Kyte et al. “The effects of poor weather conditions on free-flow speed on a rural Interstate freeway are considered. It was found that free-flow speed is affected by pavement conditions, visibility, and wind speeds. It is also suggested that poor weather conditions occur with some degree of frequency in a number of U.S. cities and that the effects of poor weather should be considered in such cases as part of capacity and level-of-service analyses.”

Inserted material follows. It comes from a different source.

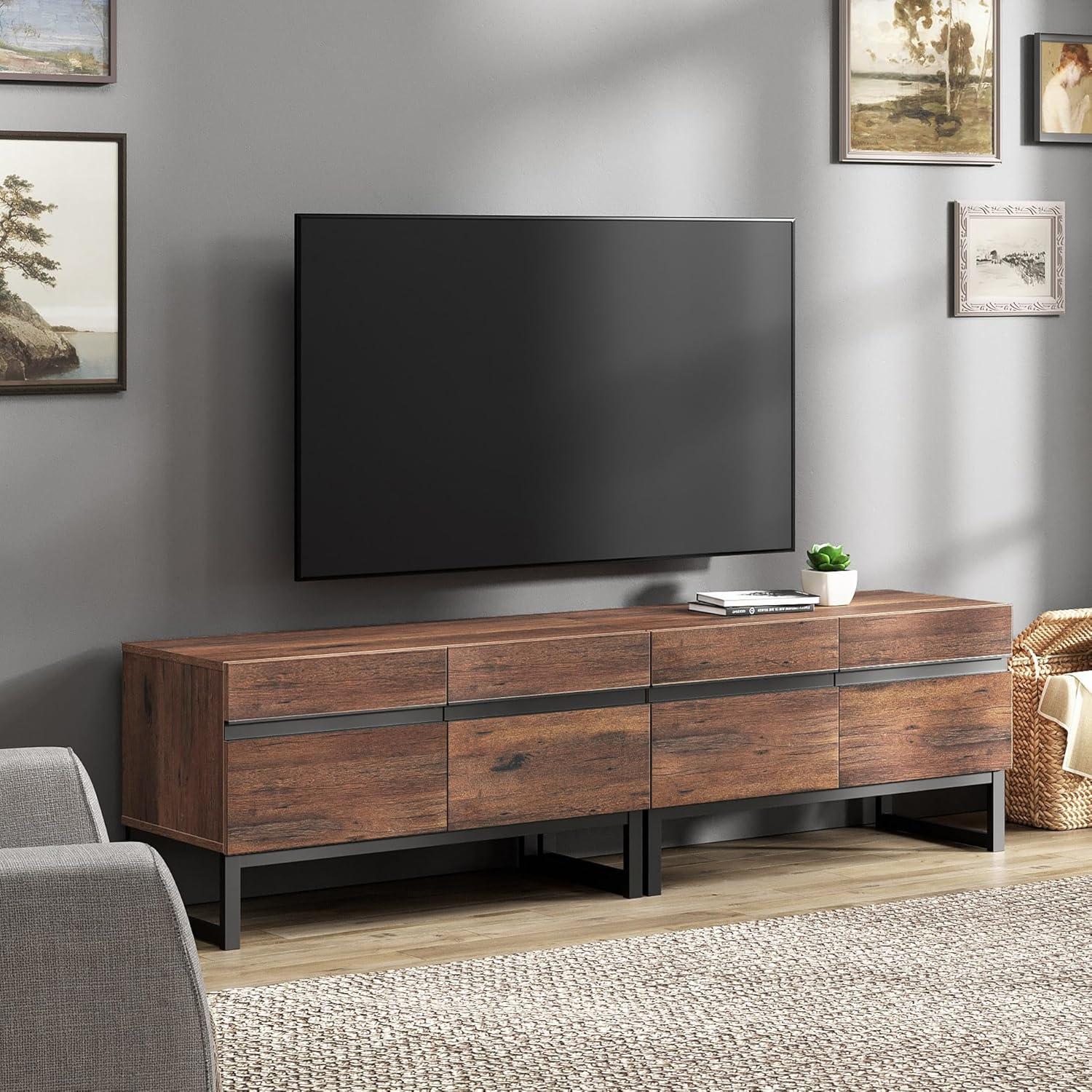 WAMPAT Modern TV Stand for TVs up to 75 inch, 2 in 1 Entertainment Center TV Console with Storage Cabinets and Metal Base,Media Console for Living Room,Brown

3. Roads are slipperier. People insufficiently recognize that roads are slipperier and instead of giving increased spacing choose to crash into the vehicle in front of them. This temporarily reduces capacity to zero as the drivers sort out the situation.

Crash

Khattak and Knaap “significant increase was observed when winter snow event injury and noninjury crash rates (crashes per million vehicle kilometers) were compared with equivalent winter nonsnow event injury and noninjury crash rates. The data were then analyzed for injury occurrence. Results of a logit model indicated that crash injury occurrence on Interstate highways in Iowa depended on traffic, road geometry, and number of vehicles involved in a crash. Another finding from the logit model was that crashes during snow events were less injurious compared with equivalent nonsnow event crashes. Snow event–specific crash data were then analyzed to study the effects of snow event elements (e.g., snowfall intensity) on injury occurrence in vehicular crashes.”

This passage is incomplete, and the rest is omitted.